Of course, even motivation can be excessive; some motivators can be simply too much. For example, if your dog is highly motivated by a frisbee disc, it won’t be able to focus on what you’re asking it to do.
On the other hand, an “excessive motivator” can work wonders when Fido gets bored of being trained with food, for example.
The key is to observe your pet and experiment with various motivators in order to notice what draws its attention the most, what does so the least and everything in between – learning to use every type of motivator on your dog is a key factor in successful training.
Always use rewards to motivate your dog
Without a doubt, the best way to boost your dog’s motivation is by rewarding it, but it doesn’t have to be with food or toys. In the beginning, learning a new behavior will be a lot of hard work for your dog – it might feel a bit confused until it figures out what you want it to do. Always keep in mind that you’re teaching your dog to think in order to remember what the correct behavior is.

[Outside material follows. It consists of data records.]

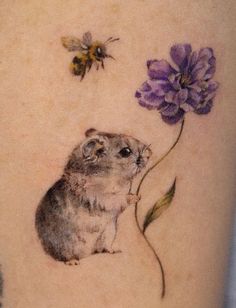 a hamster and a bee on the back of a woman's leg with flowers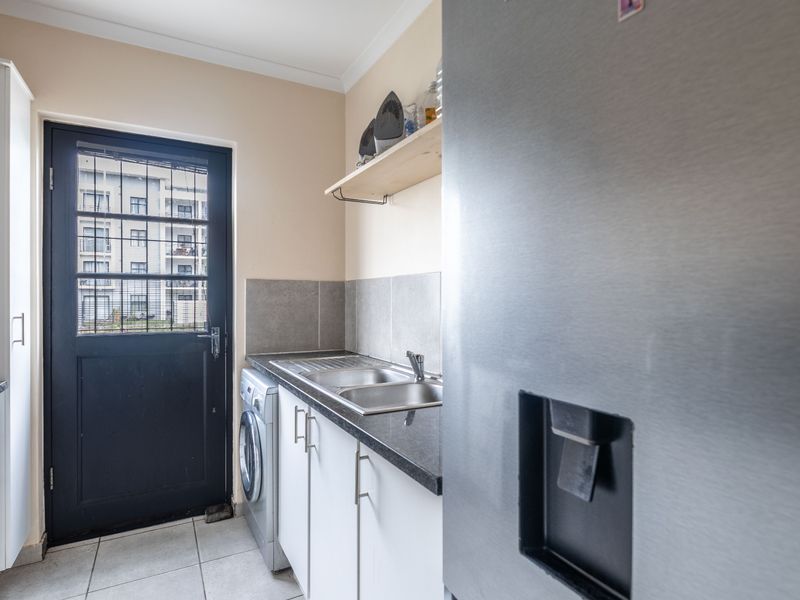 Functional scullery area featuring built-in cabinetry, granite countertops, a double sink, and direct access to the exterior via a security door.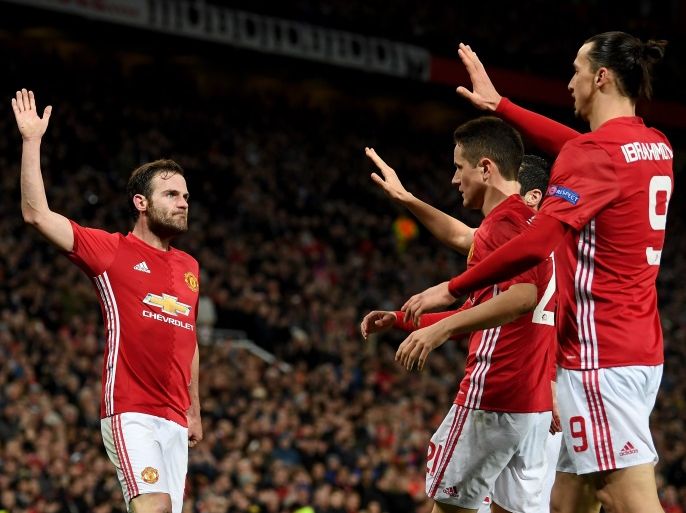 MANCHESTER, ENGLAND - MARCH 16: Juan Mata of Manchester is congratulated after scoring the opening goal during the UEFA Europa League Round of 16 second leg match between Manchester United and FK Rostov at Old Trafford on March 16, 2017 in Manchester, United Kingdom. (Photo by Ross Kinnaird/Getty Images)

Once your pet has mastered the command, you can start reducing the rewards, until you’ve gotten to the “good boy/girl” and “thank you”, or even a simple smile.
It is important to keep in mind that, no matter how small, there should always be a reward for your dog’s good behavior.

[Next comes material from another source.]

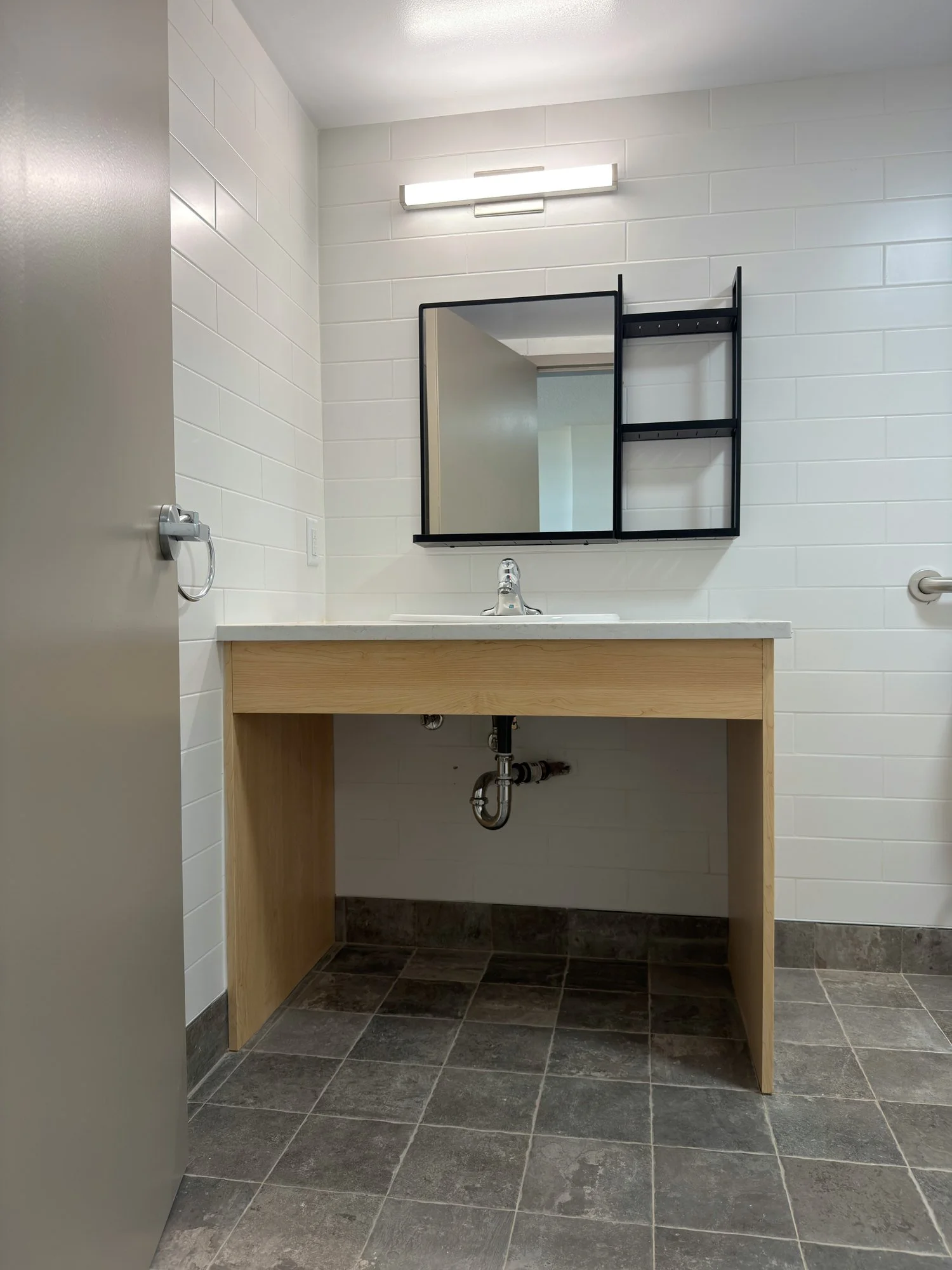 Light wood-look vanity with open knee space under the sink and a mirror with shelf above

Never use avoidance as motivation
Using the method of avoiding punishment as motivation can be really effective; popping the leash, yelling, poking your dog in the neck by a prong or hurting it with a zap of shock collar will teach your dog whatever you want in a matter of days and even hours. But should you use this method of motivation? Absolutely not! In addition to being completely unethical, this method of punishment will damage your relationship with your dog (and if you don’t care about this, you do not deserve a pet) – the more fear and pain you inflict upon it, the less it will trust you. This method of motivation can cause fear and anxiety and manifest itself in nervous behavior due to excess stress hormones in the body; this could involve lashing out, fear, aggression and OCD-like problems.
It is absolutely vital that you never even try this form of motivation – dog owners that use avoidance do not deserve friends, let alone pets.
How to use the motivators
You may think that rewarding your dog is easy, but there is more to it than meets the eye. Essentially, you will probably need to use more than one motivator. In the beginning, we suggest that you start with dog treats; get them at a quality pet food vendor such as Net to Pet. Order your dog to “sit”. It will take a while, so you should bring the treat in front of the dog and pull it away once it goes for it. Point your finger to the ground and say “sit” loudly and clearly. It may take a while, but your dog will get the gist at some point. Repeat this three times.

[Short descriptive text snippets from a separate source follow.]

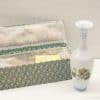 Elegant porcelain vase with floral designs next to a stylish decorative box.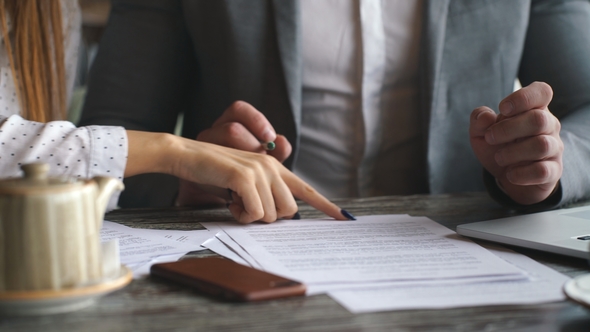 Businessman Signing Contract During Meeting with Business Colleague in Cafe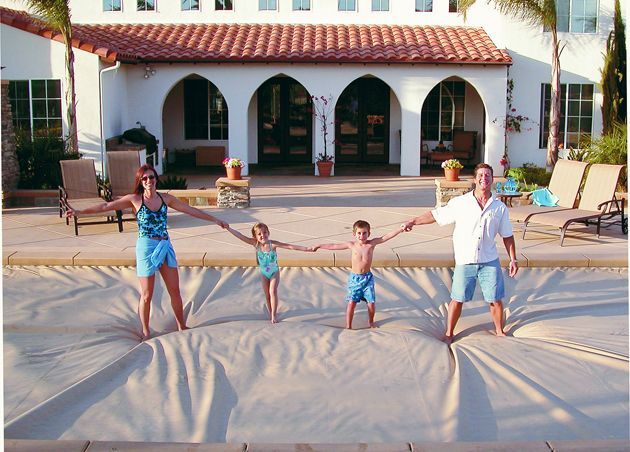 Family holding hands on a beach blanket in front of a white villa with arches at sunset
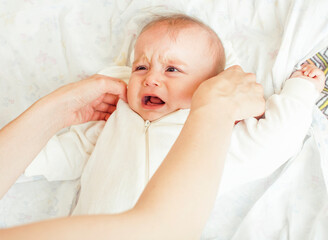 little cute baby toddler on carpet close up smiling, adorable kid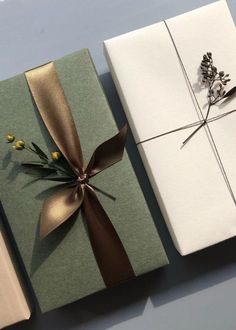 three wrapped gift boxes with ribbons and flowers on them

No more than an hour later, bring your dog’s favorite toy to another part of your home and repeat the outlined process – you should do this more than three times.
The next day, repeat the sequence again, but this time, reward your dog with an enthusiastic phrase, like “thank you” or “good boy”, and/or a petting session. Also, when training your dog, be mindful of your surroundings and avoid training in forbidden areas.
Dog training is a science of its own and the best way to learn how to properly inspire your dog to be good is practice (for you, too). Keep in mind that the rewarding system is the only proper way to motivate your pet and never, ever use avoidance of punishment in your dog training!